Glen Lake High School Team 2018 Envirothon State Champions

Wednesday, June 20, 2018

A team of Glen Lake High School students, the "Eh Team", took first place in a statewide environmental competition hosted by the Michigan Association of Conservation Districts. The three-day Michigan Envirothon state competition held at Lake Ann Camp concluded on May 23.

The "Eh Team" finished first among 20 teams. As the first-place finisher, they will represent Michigan in the NCF Envirothon competition at Idaho State University in Pocatello, Idaho where they will compete against teams from across the United States, Canada and China from July 22 to 28.

The Envirothon consists of outdoor “eco-stations” for hands-on testing in the areas of forestry, urban forestry, soils, aquatic ecology, wildlife, energy, and agriculture. As part of the competition each team also completes a community outreach project and presents to a panel of judges during the State Competition.

Members of the “Eh” team include LuAnne Dreves, Emma Karagas-Spencer, Carson Reay, Sonja Stairs, and Stella Young. In addition to winning the overall competition, the team also took first place for their community outreach project. Their project focused on climate change and its negative impact on their Northern Michigan community. The team proposed solar energy panels to reduce their school’s contribution to the problem.

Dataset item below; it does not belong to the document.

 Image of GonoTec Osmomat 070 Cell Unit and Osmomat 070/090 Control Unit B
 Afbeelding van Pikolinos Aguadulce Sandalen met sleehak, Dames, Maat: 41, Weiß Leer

Finishing second and third for overall score were the Lorax from Caro High School and the Conservation Commandos Blue from Hillsdale High School respectively. The 20 teams that participated in the state competition qualified through regional contests held around the state throughout the month of March. Through Envirothon, students learn about the environment from conservation professionals working for government, non-profit and for-profit organizations.

Michigan Envirothon is a high school environmental education and community action program administered by the Michigan Association of Conservation Districts, a 501(C)3 non-profit organization. High school students from anywhere in Michigan are eligible to compete.


Envirothon Students - Making Michigan Greater

Tuesday, June 12, 2018

I feel assurance over Michigan’s future after hearing dynamic, hardworking, community spirited, smart and thoughtful students presenting their projects at the recent Michigan Envirothon at Lake Ann Camp in Lake Ann, MI.

Envirothon is a national program for high school students interested in environmental stewardship in areas of: agriculture, aquatic ecology, energy, forestry, soils/geology, wildlife, and environmental issues.  Students meet in local groups, research and learn about the seven core topics and test their skills in competition.  

In Michigan, in addition to learning about the seven core environmental topics, students research local environmental and natural resource issues to select a topic they will address through their community environmental service project.  They then work together as a team to plan, earn or solicit funding, carry out and collect their project’s results.  Student teams come together to test their knowledge and skills at the regional competitions in the early spring, with the top 24 teams advancing to the Michigan Envirothon State Competition held in May.  During the competition, students are tested on the seven core topics and also provide a written project summary and team presentation before a panel of judges.  The top scoring team will then advance to the next level of competition, the National Conservation Foundation’s Envirothon at Idaho State University, Pocatello, ID, July 22-28, 2018.  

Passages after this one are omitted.